This Japanese Company Is About To Become The First Private Firm To Go To The Moon

A spacecraft designed by a Japanese startup took off on Sunday atop a SpaceX rocket. The launch took place at Cape Canaveral in the US state of Florida, with various components from Canada, the UAE, and NASA being carried on the craft. The Hakuto-R mission, which means “white rabbit” in Japanese, from the iSpace company is expected to land on the moon in April 2023. It is the first time a private company will send a mission to the moon, also marking a first for Japanese space travel.

“Our first mission will lay the groundwork for unleashing the moon’s potential and transforming it into a robust and vibrant economic system,” the startup’s CEO, Takeshi Hakamada, said in a statement.

The Hakuto-R is taking a slow, low-energy path to the moon, flying 1.6 million kilometers (one million miles) from Earth before looping back and making a planned landing by the end of April. By contrast, NASA’s Orion crew capsule with test dummies took five days to reach the Moon last month. The lunar flyby mission is anticipated to end on Sunday with a splashdown in the Pacific Ocean.
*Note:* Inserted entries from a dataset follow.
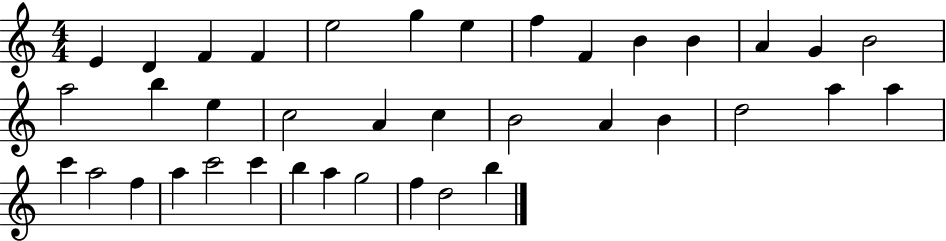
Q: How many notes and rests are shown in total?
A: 38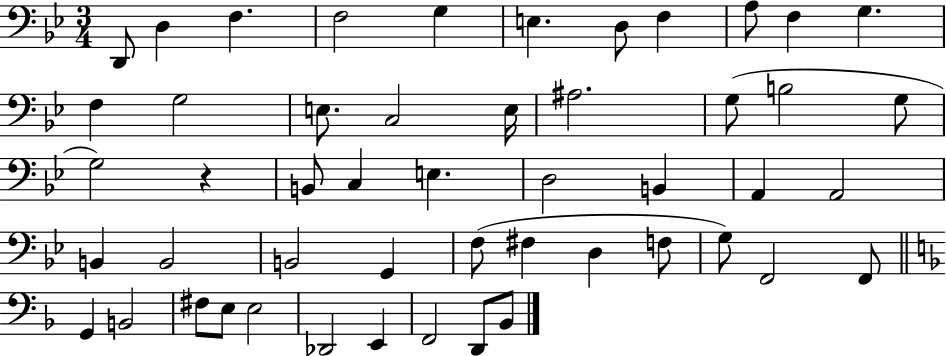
D2/e D3/q F3/q. F3/h G3/q E3/q. D3/e F3/q A3/e F3/q G3/q. F3/q G3/h E3/e. C3/h E3/s A#3/h. G3/e B3/h G3/e G3/h R/q B2/e C3/q E3/q. D3/h B2/q A2/q A2/h B2/q B2/h B2/h G2/q F3/e F#3/q D3/q F3/e G3/e F2/h F2/e G2/q B2/h F#3/e E3/e E3/h Db2/h E2/q F2/h D2/e Bb2/e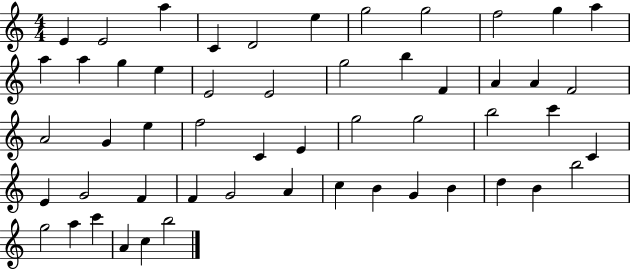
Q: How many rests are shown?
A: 0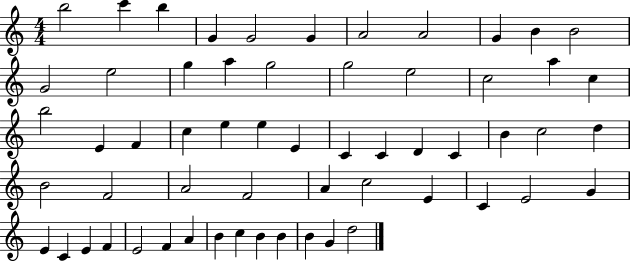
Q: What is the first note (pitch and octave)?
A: B5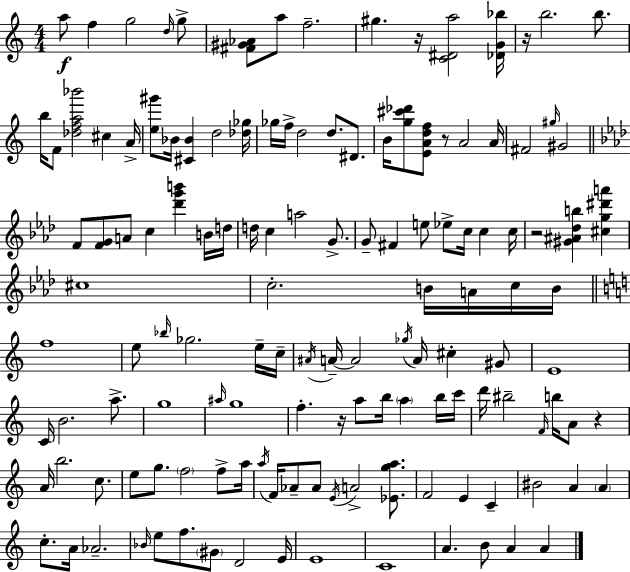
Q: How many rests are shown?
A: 6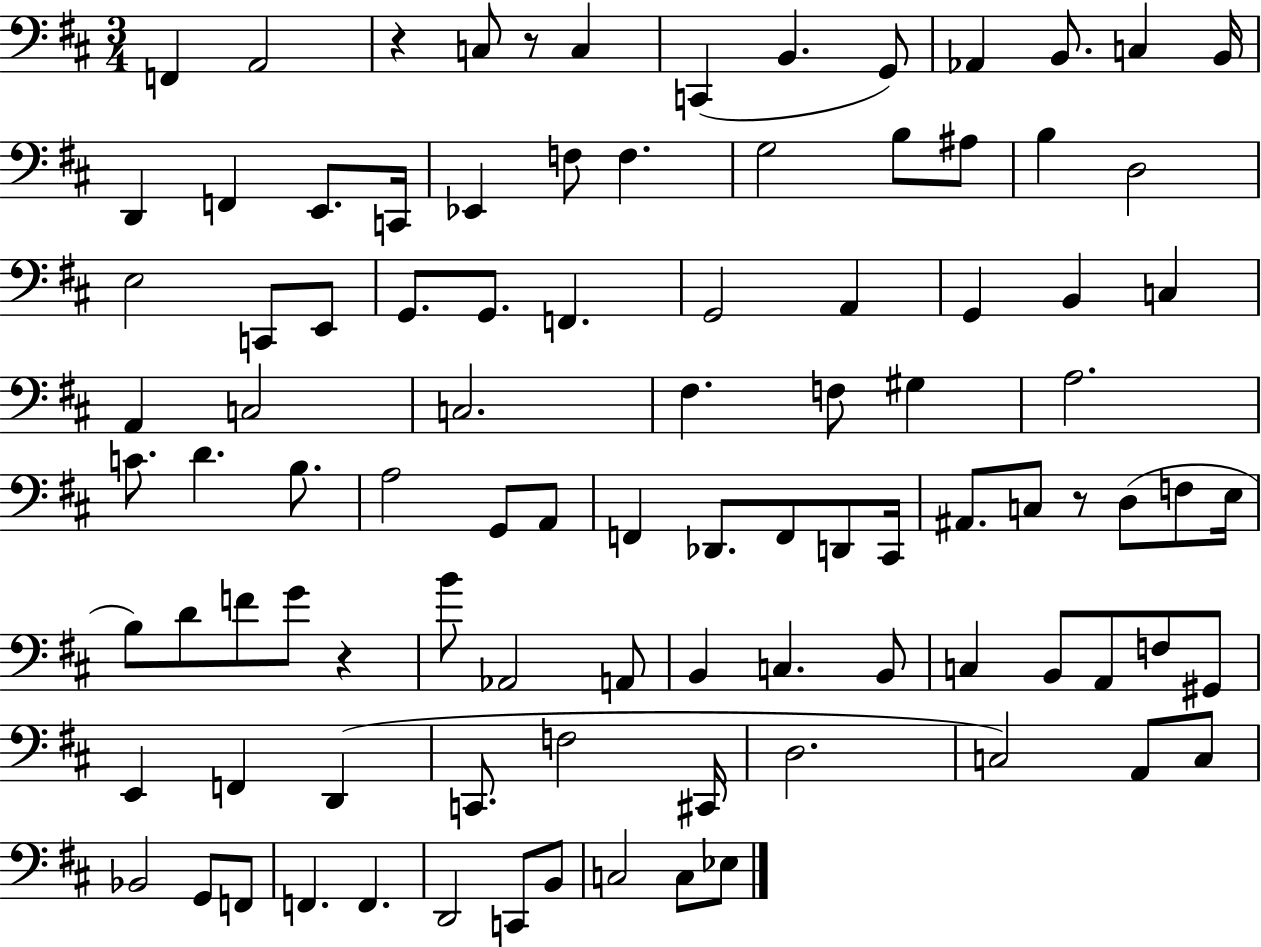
X:1
T:Untitled
M:3/4
L:1/4
K:D
F,, A,,2 z C,/2 z/2 C, C,, B,, G,,/2 _A,, B,,/2 C, B,,/4 D,, F,, E,,/2 C,,/4 _E,, F,/2 F, G,2 B,/2 ^A,/2 B, D,2 E,2 C,,/2 E,,/2 G,,/2 G,,/2 F,, G,,2 A,, G,, B,, C, A,, C,2 C,2 ^F, F,/2 ^G, A,2 C/2 D B,/2 A,2 G,,/2 A,,/2 F,, _D,,/2 F,,/2 D,,/2 ^C,,/4 ^A,,/2 C,/2 z/2 D,/2 F,/2 E,/4 B,/2 D/2 F/2 G/2 z B/2 _A,,2 A,,/2 B,, C, B,,/2 C, B,,/2 A,,/2 F,/2 ^G,,/2 E,, F,, D,, C,,/2 F,2 ^C,,/4 D,2 C,2 A,,/2 C,/2 _B,,2 G,,/2 F,,/2 F,, F,, D,,2 C,,/2 B,,/2 C,2 C,/2 _E,/2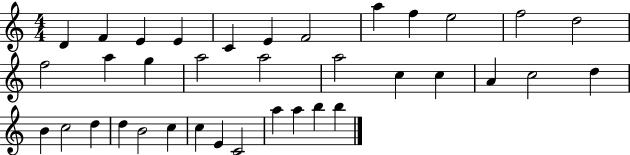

The company said its lunar lander was expected to touch down on the visible side of the moon in April 2023, the year of the rabbit in Japan. Measuring just over 2 by 2.5 meters, the spacecraft has a payload that includes a 10-kilogram rover built by the United Arab Emirates. The Gulf country is a newcomer to the space race but recently sent a probe into Mars’ orbit last year. If the rover, named Rashid, successfully lands, it will be the Arab world’s first moon mission. Hakuto was one of five finalists in Google’s Lunar XPrize competition to land a rover on the moon before a 2018 deadline, which ended without a winner.